Today the relation of our church with the state, as in the past decade, is a relationship of partnership while not interfering in each other's affairs. Concern for the maintenance of morality, education of the youth, social work, peacemaking, regeneration of traditional culture, cooperation with science, support of the family, and many other issues have become points of common exertion of the efforts of the church and state. Governing structures are ever more actively drawing representatives of the Orthodox church into a discussion of many national and global problems, assuming correctly that the heritage of its experience can serve well for the benefit of society.

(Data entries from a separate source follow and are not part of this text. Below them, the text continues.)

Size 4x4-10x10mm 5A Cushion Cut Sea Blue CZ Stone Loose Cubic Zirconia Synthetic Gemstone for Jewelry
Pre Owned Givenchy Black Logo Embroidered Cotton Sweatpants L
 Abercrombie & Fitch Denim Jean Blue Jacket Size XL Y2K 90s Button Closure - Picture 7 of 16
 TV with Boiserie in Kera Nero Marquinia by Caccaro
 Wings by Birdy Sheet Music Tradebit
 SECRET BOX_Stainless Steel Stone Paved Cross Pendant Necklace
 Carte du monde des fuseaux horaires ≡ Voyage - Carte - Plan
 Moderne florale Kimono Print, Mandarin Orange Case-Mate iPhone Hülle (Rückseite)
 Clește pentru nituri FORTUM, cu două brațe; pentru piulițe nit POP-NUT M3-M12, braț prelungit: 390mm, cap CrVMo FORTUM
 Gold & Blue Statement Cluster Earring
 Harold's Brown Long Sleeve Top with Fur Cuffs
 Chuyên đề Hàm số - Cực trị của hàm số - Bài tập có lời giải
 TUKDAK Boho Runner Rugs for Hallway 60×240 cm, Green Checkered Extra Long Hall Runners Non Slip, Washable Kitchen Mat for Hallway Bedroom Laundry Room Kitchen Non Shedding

--New times bring new technologies and new knowledge. On the other hand, the church is a traditional institution. Which forms of church activity have remained unchanged from the time of its founding? How does the Russian Orthodox church accommodate to modernity?

--At the jubilee bishops' council the "Bases of the Social Doctrine of the Russian Orthodox Church" were adopted, which expressed the official position of the Moscow patriarchate with regard to questions of church-state relations and on a number of problems affecting the life of the Christian in the modern world. The document contained expressions of the understanding of such questions as the relation of the church to secular law, labor, property, war and peace, personal, family, and public morality, ecology, bioethics, and problems of globalization and secularization. This document is the more important since now, when the period of state atheism has ended, we are forced to conduct our ministry within a pluralistic and secular society that often is hostile to Orthodoxy, where a clearly formulated church opinion on one or another question permits its members to assume a truly unified position in the dialogue with the surrounding world.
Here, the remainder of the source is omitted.